Organic market and farmland
The Government needs to support farmers who are doing the most to improve the environment and give animals the highest standards of welfare. Following the sudden and unexpected closure of the SFI in March 2025, the Soil Association started engagement with the UK Government and relevant stakeholders to highlight the impact of the closure on the organic sector. For the first time in 30 years, there is no support for land being entered into organic conversion - farmers are already turning away from the prospect of transitioning to organic.
The success of the organic sector is a crucial component of a nature-friendly farming transition. Organic farming has well-evidenced benefits for nature and is increasingly popular with consumers seeking healthy, nutritious food. Demand for organic products has grown at record rates for 13 consecutive years, up 7.3% in 2024.
However, domestic production lags behind, with only 3% of UK farmland being organic. Farmers need support in the two-year conversion to organic farming, during which farmers must adhere to full organic standards but cannot yet market their products as such. Without immediate action, we will become increasingly reliant on imports.
Support organic conversions: In light of this serious and ongoing situation, The Soil Association has been actively advocating for the urgent reinstatement of support for the increasing number of farmers converting to organic farming, as well as organic maintenance payments.
Organic is very well suited to a reformed approach to Environmental Land Management as a standards-based approach that depends on a whole farm plan for organic management. The Government must develop an effective solution, at a modest cost within the budget, that will ensure that it delivers on its targets and farmers can transition to meet long-term organic market demand.
Healthy and Sustainable Food
Rank: 8.5/10 - 'A significant milestone - welcome progress'
School meals: The Spending Review brought welcome progress on child health and food access. Following last week’s announcement on the expansion of Free School Meals, the government is committing £410 million per year by 2028-29 to extend FSM to every child whose family receives Universal Credit – around 500,000 children.
An additional £80 million will support early years and post-16 settings with the expansion, alongside further development of primary school breakfast clubs. However, we must ensure this is fully funded and not coming at the expense of other parts of school budgets.

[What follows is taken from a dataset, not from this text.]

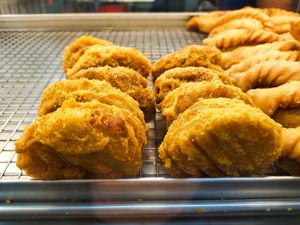 Yummy at Delisnacks 德利食 - Queen Street in Central Singapore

On health, the government is replacing the Household Support Fund with a new £1 billion-a-year Crisis and Resilience Fund, offering greater certainty for local authorities to support vulnerable families, especially during school holidays.
Healthy Start Scheme: The Spending Review also reaffirmed the value of the Healthy Start scheme, which helps low-income families access fruit, vegetables, milk, and infant formula during early childhood. While there were no details on changes to the scheme, the broader increase in health investment is a key opportunity to drive improvements. Notably, the NHS real-term day-to-day spending budget will rise by an average of 3% per year, reaching £226 billion by 2029, signalling a broader commitment to strengthening health services and giving all children the best start in life.
National Food Strategy: These commitments mark important steps towards delivering the ambitions of the National Food Strategy – supporting children’s health, reducing food insecurity, and creating a more resilient, sustainable food system; but to truly align with the strategy’s vision, further action is needed to embed environmental standards in public procurement and ensure increased access to nutritious, sustainably sourced food for all.